なお、本人はレベリングの途中からさらなる効率を求めて無我の境地になっていただけなのだが、そんなことは2人には分からない。周囲が薄暗いせいで男の顔に影がかかっているのも相まって、端から見ると完全にホラーである。なんなら2人に新たなトラウマを植え付けかねない光景ですらあった。

 

「何が『ビギナーズラック』だよ……ぶっちぎりでイカれた奴じゃねーか……」

 

しかも、スライムの虐殺に使われているのが【打ち落とし】であるという事実も2人を恐怖させた。

 

それはそうだろう。この世界において、【打ち落とし】は何の役にも立たない地雷スキルとして知られている。

 

RPGをよくやる人であれば、何やら強そうな技を覚えたので意気揚々と使ってみれば、全くの役立たずで「は? ふざけんな! 二度と使うかこんなゴミ!」となってしまい、存在を忘れたままゲームをクリアしたような経験はないだろうか?

 

この世界の人間にとって【打ち落とし】はまさにそれだ。
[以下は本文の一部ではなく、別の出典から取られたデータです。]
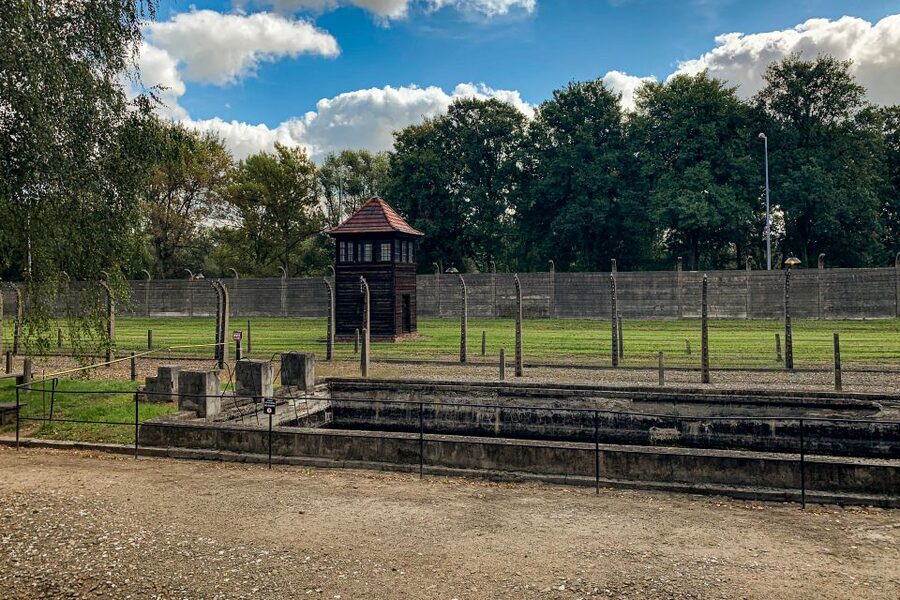 From Krakow: Auschwitz-Birkenau Memorial and Museum Tour - Key points to know before you go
「敵の攻撃を無効化する」という説明に踊らされて使ってみれば、何の役にも立たずそのまま苗床エンドを迎えた人間は1人や2人ではない。

 

それでも正確な発動条件を検証した奴くらいいるだろうと思うかもしれないが、男が持つ前世の知識とて「何人もの主人公の犠牲の上(セーブ&ロードの繰り返し)」で成り立っていることを忘れてはならない。

 

ましてや、現実となったこの世界で命を懸けてスキルの効果を検証するような奴がそう何人もいるはずもなく。

 

いたとしても、それは「求道者」と呼ばれるような人種だ。そもそも世捨て人になっていて他人に自分の知識を教えることはないか、もしくは秘伝の技として知識を独占するかのどちらかだろう。なので【打ち落とし】は世間一般ではゴミスキルだという見解が大半なのである。

 

というか、まだダンジョン中層に到達すらしてないような新米冒険者が【打ち落とし】を習得するくらいクラスレベルが高いというのもおかしいし、100歩譲って「そういうこともあるだろう」と認めたとしても、今度は【打ち落とし】を習得するほど高レベルの【剣士】なら他にもっとマシなスキルが使えるようになっているはずだ、という問題にぶち当たる。

 

なので2人にしてみれば、男の行動は「ゴミスキルを使って敵を倒せるレベルにまでなった酔狂な求道者が、わざわざそのゴミスキルを使ってスライムを殺すことで、奴らに屈辱的な死を味わわせている」ようにしか見えず、それが余計に恐怖を掻き立てた。

 

「たぶん……こいつにケンカを売ったら死ぬより酷い目にあわされるぞ……」

 

「……モンスターに負けるのとどっちがマシだろうな……」

 

「笑えない冗談だな……冗談だよな?」

 

結果、男は「初心者狩りに恐れられる初心者(お前のような初心者がいるか)」というさらなるヤバい奴認定と引き換えに被害にあうことはなかったのであった。